● **Problem to work on**
The pictures are to be dropped, and the records below are to be restated word for word.

□ □ □ □ □ □ □

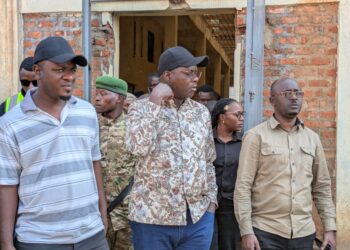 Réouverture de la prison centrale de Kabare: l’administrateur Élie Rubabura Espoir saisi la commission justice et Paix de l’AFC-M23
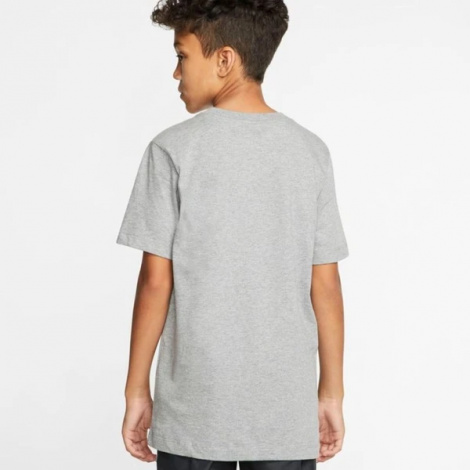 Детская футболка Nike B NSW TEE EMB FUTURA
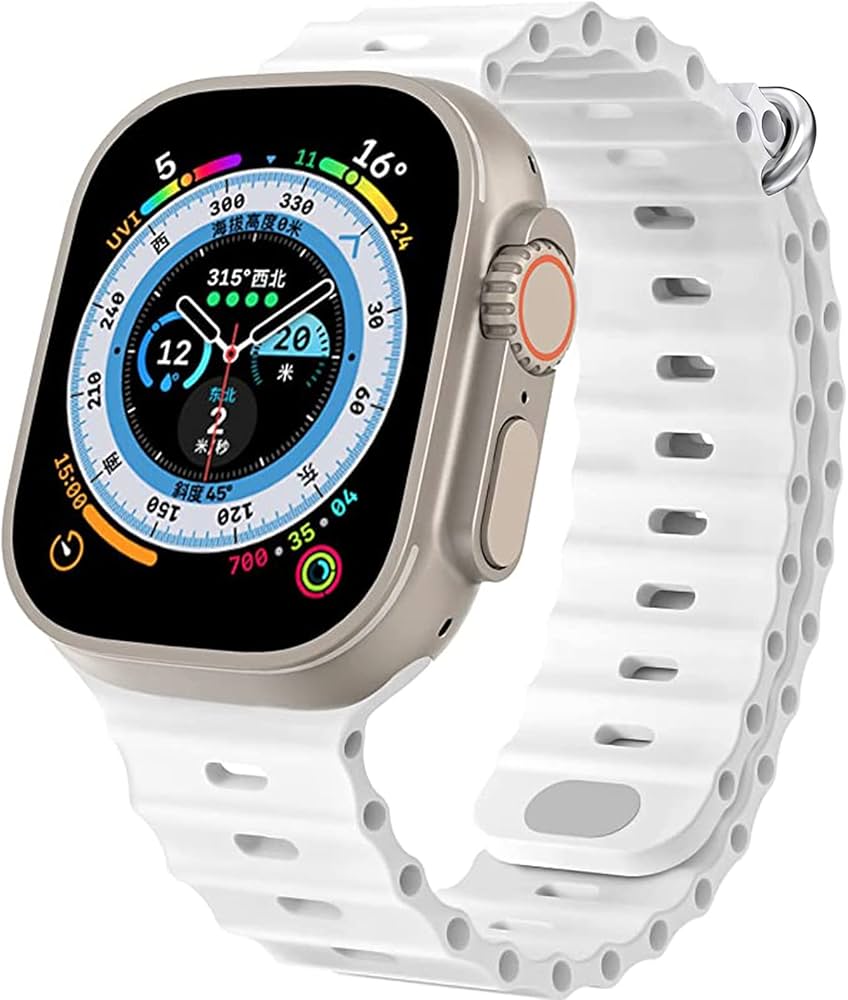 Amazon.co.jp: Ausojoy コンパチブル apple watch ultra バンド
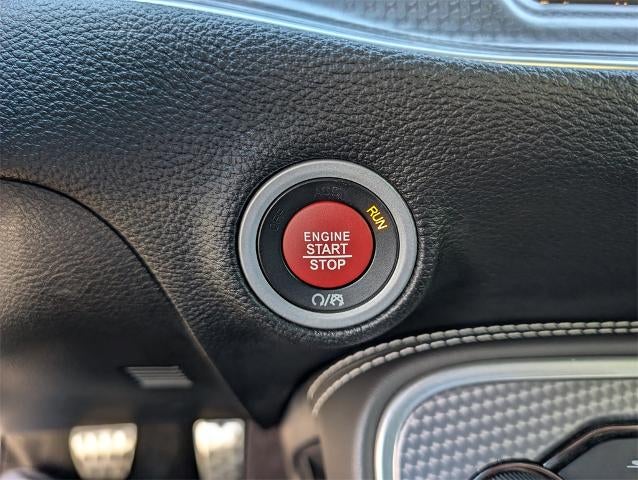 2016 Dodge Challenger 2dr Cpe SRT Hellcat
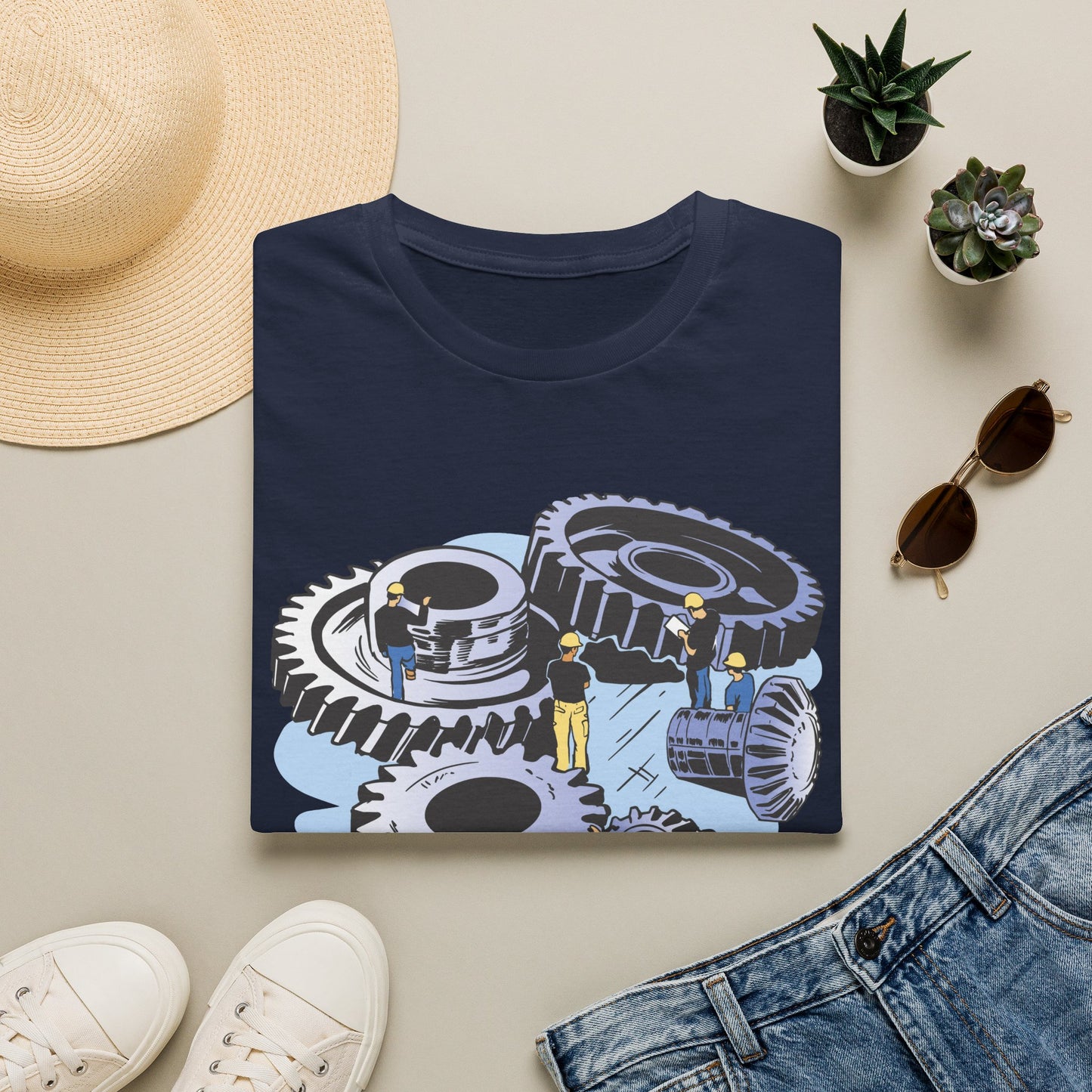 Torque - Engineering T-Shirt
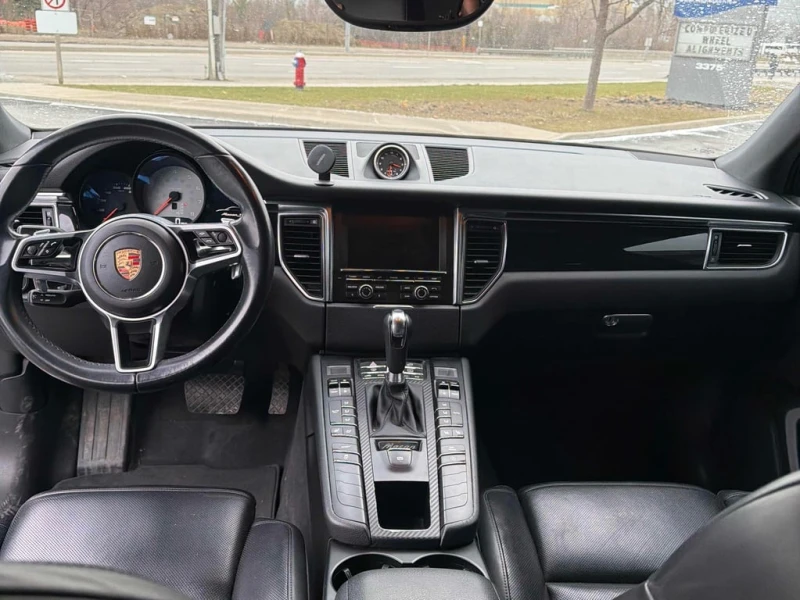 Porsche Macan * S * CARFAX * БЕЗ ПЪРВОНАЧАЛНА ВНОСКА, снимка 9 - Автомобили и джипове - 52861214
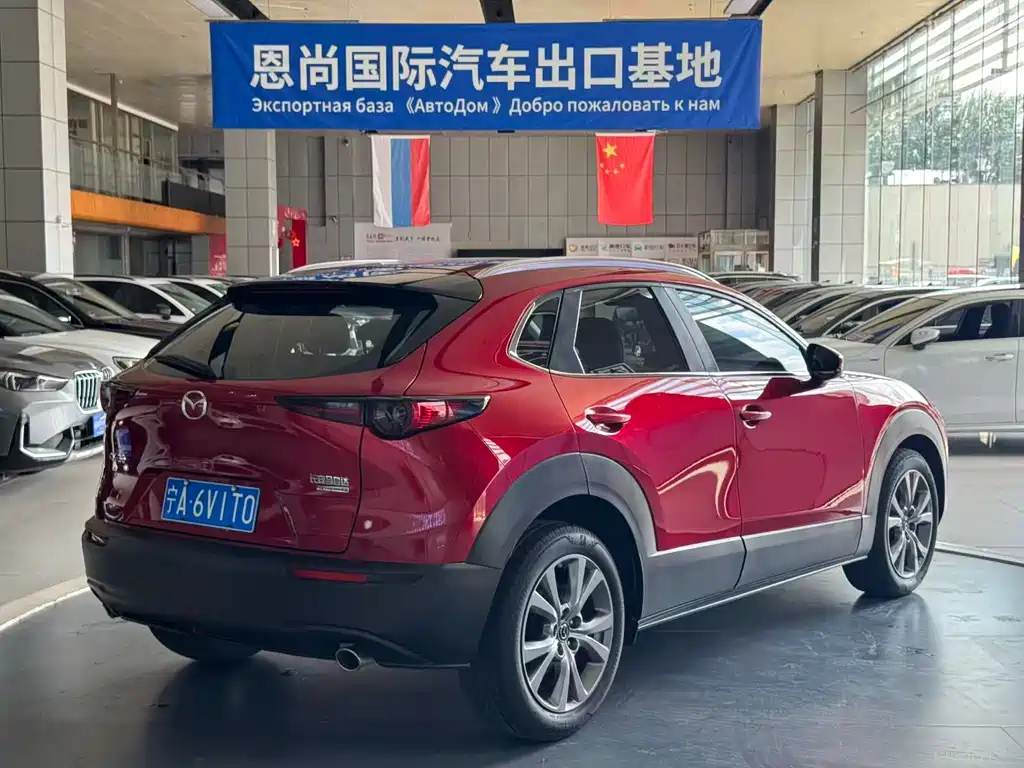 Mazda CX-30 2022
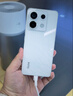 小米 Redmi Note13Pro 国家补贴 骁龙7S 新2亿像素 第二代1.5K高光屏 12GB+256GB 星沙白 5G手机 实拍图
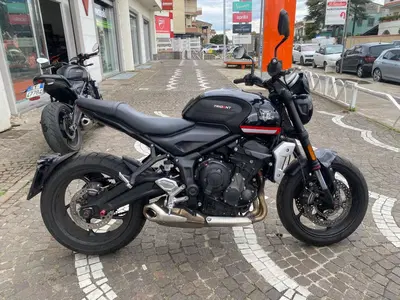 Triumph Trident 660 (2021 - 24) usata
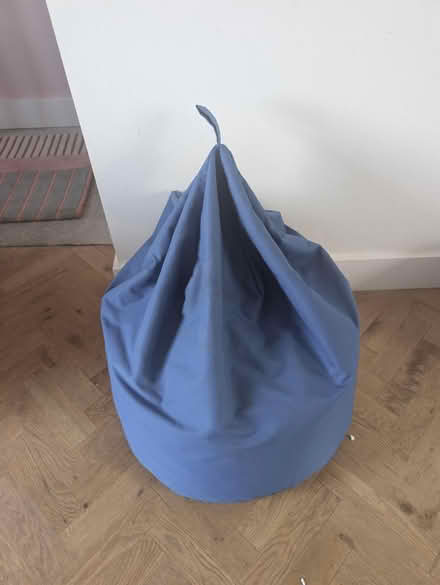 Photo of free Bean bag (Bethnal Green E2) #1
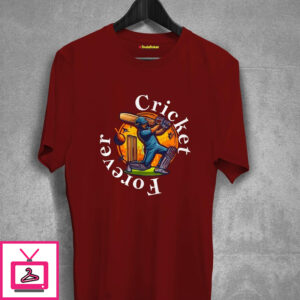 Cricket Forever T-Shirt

□ □ □ □ □ □ □

● **Response for this exercise**
 Réouverture de la prison centrale de Kabare: l’administrateur Élie Rubabura Espoir saisi la commission justice et Paix de l’AFC-M23
 Детская футболка Nike B NSW TEE EMB FUTURA
 Amazon.co.jp: Ausojoy コンパチブル apple watch ultra バンド
 2016 Dodge Challenger 2dr Cpe SRT Hellcat
 Torque - Engineering T-Shirt
 Porsche Macan * S * CARFAX * БЕЗ ПЪРВОНАЧАЛНА ВНОСКА, снимка 9 - Автомобили и джипове - 52861214
 Mazda CX-30 2022
 小米 Redmi Note13Pro 国家补贴 骁龙7S 新2亿像素 第二代1.5K高光屏 12GB+256GB 星沙白 5G手机 实拍图
 Triumph Trident 660 (2021 - 24) usata
 Photo of free Bean bag (Bethnal Green E2) #1
 Cricket Forever T-Shirt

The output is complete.